Segundo Lia Motta (MOTTA; THOMPSON, 2010) o conceito de entorno de bem tombado
era disputado em batalhas judiciais nos primórdios do IPHAN – Instituto do Patrimônio
Histórico e Artístico Nacional. Ao longo dos anos, com o aprimoramento dos estudos do
tema, a preservação passa a ser tratada como política urbana e somente a partir da década
de 1980 os processos passam a ser parte da rotina da instituição. Portanto, até essa data,
muitos bens e seus entornos deixaram de ser protegidos, ficando à mercê da especulação
imobiliária, ou outros interesses da classe dominante.
Sobre a Pedra do Sal, por se tratar de bem relacionado com a cultura afro-brasileira,
notadamente discriminada na história, o tombamento foi realizado tardiamente
prejudicando a preservação do entorno, hoje parcialmente descaracterizado.
A poligonal selecionada e as áreas de preservação
Inicialmente foi pensada uma poligonal (Figura 3) como proposta de área de estudo,
passando pela análise morfológica e pelo exame da dinâmica existente entre ela, o Largo
da Prainha e a Pedra do Sal, valorizando a história do bairro portuário, a memória de seus
habitantes e os espaços ligados à origem do samba.
Legenda:
Figura 3: Poligonal de estudo proposta
Imagem: Google Earth, com edição da autora
Obras de reforma urbana tentaram apagar o passado escravocrata da então capital do país:
a Rua Camerino fora alargada e ganhou um Jardim Suspenso com a justificativa de
embelezar e higienizar a cidade. O Cais do Valongo, findado o tráfico negreiro, foi
aterrado para dar lugar ao Cais da Imperatriz. A Pedra do Sal, local sagrado para os
negros, já afastada do mar, perde espaço com a construção do edifício colado à rocha.
A escolha do traçado da poligonal levou em consideração um trecho urbano que engloba
boa parte das referências às raízes do samba. Tendo como objeto de estudo deste artigo o
Samba Urbano Carioca e suas origens, a escolha naturalmente era em direção aos sítios
da diáspora africana no Rio, como o Cais do Valongo e a Praça dos Estivadores.
A poligonal está inserida em duas importantes Áreas de Preservação. A APAC - SAGAS
- Área de Proteção Ambiental e Cultural dos bairros da Saúde, Gamboa e Santo Cristo –
oficializada 1988, e a Zona de Amortecimento do Sítio Arqueológico Cais do Valongo,
reconhecida como Patrimônio da Humanidade pela UNESCO - Organização das Nações
Unidas para a Educação, Ciência e Cultura - em 2017.
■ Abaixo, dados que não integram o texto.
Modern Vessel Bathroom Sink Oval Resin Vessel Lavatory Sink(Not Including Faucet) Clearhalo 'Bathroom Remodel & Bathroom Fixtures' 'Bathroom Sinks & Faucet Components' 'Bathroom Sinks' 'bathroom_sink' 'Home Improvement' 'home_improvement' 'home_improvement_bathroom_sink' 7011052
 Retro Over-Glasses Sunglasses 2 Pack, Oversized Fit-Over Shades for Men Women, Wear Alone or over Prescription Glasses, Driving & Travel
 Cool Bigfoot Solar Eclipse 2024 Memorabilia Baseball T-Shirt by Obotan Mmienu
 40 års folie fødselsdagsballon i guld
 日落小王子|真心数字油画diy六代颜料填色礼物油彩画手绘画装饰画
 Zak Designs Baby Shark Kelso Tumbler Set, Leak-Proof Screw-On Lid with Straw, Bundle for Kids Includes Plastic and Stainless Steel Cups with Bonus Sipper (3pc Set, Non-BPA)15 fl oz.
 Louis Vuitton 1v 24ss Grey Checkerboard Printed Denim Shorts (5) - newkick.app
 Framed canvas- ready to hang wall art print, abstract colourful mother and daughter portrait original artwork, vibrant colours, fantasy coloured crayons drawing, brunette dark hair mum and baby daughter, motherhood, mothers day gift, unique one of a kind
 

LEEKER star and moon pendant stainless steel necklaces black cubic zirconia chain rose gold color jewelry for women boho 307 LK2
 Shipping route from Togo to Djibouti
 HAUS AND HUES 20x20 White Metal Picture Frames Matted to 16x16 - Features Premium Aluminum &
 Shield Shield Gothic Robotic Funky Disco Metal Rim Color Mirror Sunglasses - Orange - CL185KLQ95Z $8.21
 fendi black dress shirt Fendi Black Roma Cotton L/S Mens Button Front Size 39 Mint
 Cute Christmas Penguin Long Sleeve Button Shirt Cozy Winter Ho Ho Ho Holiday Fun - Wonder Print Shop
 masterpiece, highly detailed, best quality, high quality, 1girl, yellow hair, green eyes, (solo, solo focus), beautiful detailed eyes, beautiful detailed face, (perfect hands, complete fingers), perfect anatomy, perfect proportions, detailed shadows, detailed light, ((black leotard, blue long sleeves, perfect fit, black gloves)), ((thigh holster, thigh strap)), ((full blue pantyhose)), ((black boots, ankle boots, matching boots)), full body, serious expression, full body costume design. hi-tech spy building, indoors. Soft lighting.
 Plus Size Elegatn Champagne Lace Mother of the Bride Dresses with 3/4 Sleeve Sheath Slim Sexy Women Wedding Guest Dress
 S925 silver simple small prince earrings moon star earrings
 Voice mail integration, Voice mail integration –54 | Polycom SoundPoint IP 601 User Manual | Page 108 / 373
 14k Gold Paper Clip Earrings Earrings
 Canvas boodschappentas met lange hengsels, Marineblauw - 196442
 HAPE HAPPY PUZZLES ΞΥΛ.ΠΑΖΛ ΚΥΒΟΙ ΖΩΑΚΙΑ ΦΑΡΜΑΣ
A primeira tem o objetivo de preservar a imagem cultural da cidade, garantindo sua
memória urbana. Já a segunda visa abranger todo o mecanismo de recepção do tráfico
negreiro, como mercado, cemitério e até logradouros marcados pela ocupação dos cativos
e seus descendentes, no sistema escravagista.
O conjunto arquitetônico característico da região é formado basicamente por construções
ecléticas, do final do século XIX e início do século XX, principalmente por sobrados de
2 ou 3 pavimentos.
Em 2017, após o reconhecimento pela UNESCO, o Sítio Arqueológico Cais do Valongo,
delimita sua área de amortecimento, o que insere o estudo de caso deste artigo, em uma
nova área de preservação.
Espaços livres e bens tombados
Definida a poligonal de estudo, o próximo passo é identificar os espaços livres possíveis
para criação de propostas de intervenção que os conecte e que os articule. Os espaços
livres de maior relevância são concentrados na encosta do Morro da Conceição, em
terrenos utilizados como estacionamentos, na Rua Sacadura Cabral e Avenida Venezuela
além do Cais do Valongo. Com pouca arborização, quase limitada ao jardim do
Observatório do Valongo, tornando os demais espaços livres inóspitos no verão carioca.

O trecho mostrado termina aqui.